Tremonti-Fini, due filosofie a confronto
di Giuseppe Pennisi

Per il momento si respira aria di tregua nel dibattito su come fare politica economica che, da mesi e mesi, ha come protagonisti il Vice Presidente del Consiglio, Gianfranco Fini, ed il Ministro dell’Economia e delle Finanze, Giulio Tremonti. La tregua è determinata in larga misura dal fatto che è in corso una difficile campagna elettorale. Il confronto, però, riprenderà dopo le elezioni, quale che sarà il loro risultato. E’ riduttivo interpretarlo come una storia di poltrone o come il contrasto tra neo-liberismo nordista e neo-statalismo romano e meridionale. Esso riguarda l’essenza di come intendere la politica economica.

Schematizzando, al cuore della visione “tremontiana” di fare politica economica c’è una retta: definiti alcuni obiettivi di crescita e chiariti i vincoli, la traiettoria è una linea dritta volta a massimizzare il raggiungimento dei primi (ad esempio, riportare il tasso annuo di aumento del pil al 3%) rispettando i secondi (i parametri del patto di stabilità). Lo conferma la lettura della trimestrale di cassa, tutta incentrata su quella che gli economisti ed i matematici chiamerebbero “una funzione di massimizzazione vincolata”: i vincoli si sono fatti più severi – dice il documento - ed abbiamo effettuato i pertinenti aggiustamenti, ma l’obiettivo da massimizzare è sempre lo stesso. E’ una visione che ha una grande storia dietro le spalle: da sessanta anni (o giù di lì), quasi tutti i modelli di crescita (da quelli keynesiani a quelli più recenti), si basano su una strumentazione, più o meno ricca, di obiettivi da massimizzare nel rispetto di una serie di vincoli. Se il timone è ben orientato e la nave va, basta tenere salda la rotta per arrivare in porto.

Nella visione “finiana”, invece, la politica economica è un’“opportunità”, composta a sua volta di “opzioni”: strategie, programmi e misure sono “opzioni” che aprono e chiudono altre “opzioni”, sia positive sia negative, in capo ai vari gruppi di cui è composta la società italiana; gli obiettivi ed i percorsi non sono pre-definiti ma derivano dalle “opzioni”, e dai gruppi a cui sono in capo. La strada non è una retta ma dipende dalle valutazione delle le “opzioni” che ciascun intervento di politica economica apre e chiude alle categorie ad esso legittimamente interessate. Così come la retta è dritta ma rigida, le “opzioni” tanto più valgono quanto più se sfrutta la loro flessibilità. Nel caso Alitalia questa è stata, almeno per ora, la carta vincente. Ma non è detto che abbia sempre successo o che i successi siano duraturi.

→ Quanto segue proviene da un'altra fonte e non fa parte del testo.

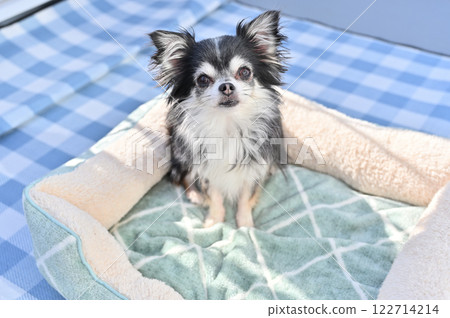 Chihuahua puppy relaxing on dog bed 122714214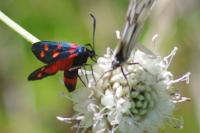 Zygaena ephialtes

Né Tremonti né Fini sono economisti. Così come il primo non ha verosimilmente studiato la letteratura sulla crescita endogena degli ultimi dieci anni, l’altro non si è mai dilettato con le equazioni di Black & Scholes, con il metodo binomiale o con gli algoritmi sull'irreversibilità. Probabilmente, non sanno neanche che i due modi di vedere la politica economica sono al centro di accesi dibattiti nella confraternita degli economisti.